Is Meigs Field in Chicago too obvious? Perhaps it’s a bit recent to be called “forgotten” but using Google Maps to look at it, there’s very little sign that it used to be an airport.
I’ve read that my community used to have an airport with the runway and the hangars on opposite sides of the road. Unfortunately I’ve never found any pictures of this setup in operation. There’s absolutely no trace of it there now. A new airport was built in the 1950s and the area of the old airport is now covered with houses and businesses.
I’m only aware of one forgotten airport in the L.A. area, and perhaps the OP knows additional ones.
One time only, I remember looking at a map of L.A. that showed a “Howard Hughes Airport”. I really can’t remember where it was except that it might have been somewhere near to the 105 freeway’s route today, or the freeway might pass directly over where it used to be. IIRC it was more or less a narrow rectangle extending east and west with only one runway.
Santa Monica Airport was founded in 1915, or at least that’s when they leased the land. Some years later it was renamed to honor one Greayer Clover, a local kid who volunteered as an ambulance driver in the First World War and, while there, learned to fly, eventually perishing on a training flight before ever seeing battle. Today the name’s been forgotten except in the street name Cloverfield, a local thoroughfare. The 100-year lease is up in a couple of years, and it’s possible that it might not be renewed, so it might soon become an ex-airport.
Hancock Field in Santa Maria is now the site of Alan Hancock Community College.
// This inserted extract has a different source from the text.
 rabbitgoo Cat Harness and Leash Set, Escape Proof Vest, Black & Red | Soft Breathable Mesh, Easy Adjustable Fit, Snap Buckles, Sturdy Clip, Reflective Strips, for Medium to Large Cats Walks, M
Some of the aircraft hangers and perhaps other buildings still exist, but when I drove past there a few months ago I remember thinking that now you wouldn’t know from the outside what they were originally unless you are pretty old. According to Wikipedia the field operated from 1929 to about 1959. I remember part of “The Spirit of St. Louis” starring Jimmy Stewart being filmed there in 1955-56. Airport Street was renamed College Avenue after the field was closed. I remember a school field trip to the National Weather Service office to watch them launch a weather balloon.
San Fernando Airpark was in the San Fernando valley.
Hughes field was located west of the San Diego (405) freeway and South if the Marina Freeway (90).
Pretty much due west of the Fox Hills mall. And several miles north of the 105 freeway.
In 1911 Saugus, MA (where I now live) turned the Old Saugus Race Track into one of the first airfields in New England. It was eventually named Atwood Park, and was the site of the first New England Air Mail. It was an early flying school location, and stsayed in operation until 1927, after which it reverted to being a racetrack. It was suggested for use as a dirigible base in 1940, but never used for that purpose.
Hughes Airport was north below the bluff where Loyola Marymount University is, south of Jefferson Blvd.
I started working near LAX in 1985, which is the year Hughes Airport closed, and moved to L.A. in 1987. I don’t recall ever seeing any aircraft operating there.